Depuis le 3 Juin, les agriculteurs et les résidents du petit village rural de Zurawlow en Pologne sont en confrontation avec la société Chevron. Ils défendent leur terre, leur activité et leur façon de vivre. Ils craignent la pollution de leur nappe phréatique, ce qui s’était déjà passé il y a deux ans dans leur voisinage après des recherches sismiques de gaz de schiste.

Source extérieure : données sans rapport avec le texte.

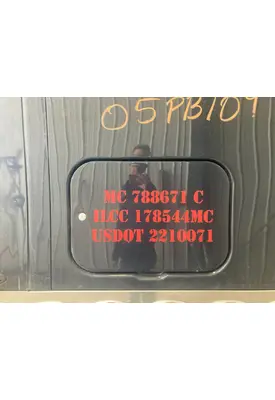 Peterbilt 387 Sleeper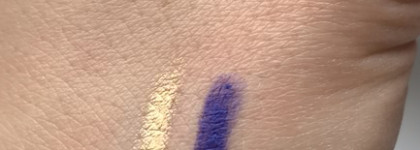 Летний сезон открыт с карандашами Essence. Дуэт Electric Vibes 02 & Longlasting eye pencil 30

Ils savent que quand Chevron trouvera du gaz sur leurs terres, rien ni personne ne pourra arrêter le développement industriel et impérial de l’extraction du gaz de schiste sur leurs terres, transformant de manière irréversible et en quelques années leur magnifique et paisible région, le grenier de la Pologne, en un désert industriel et pollué.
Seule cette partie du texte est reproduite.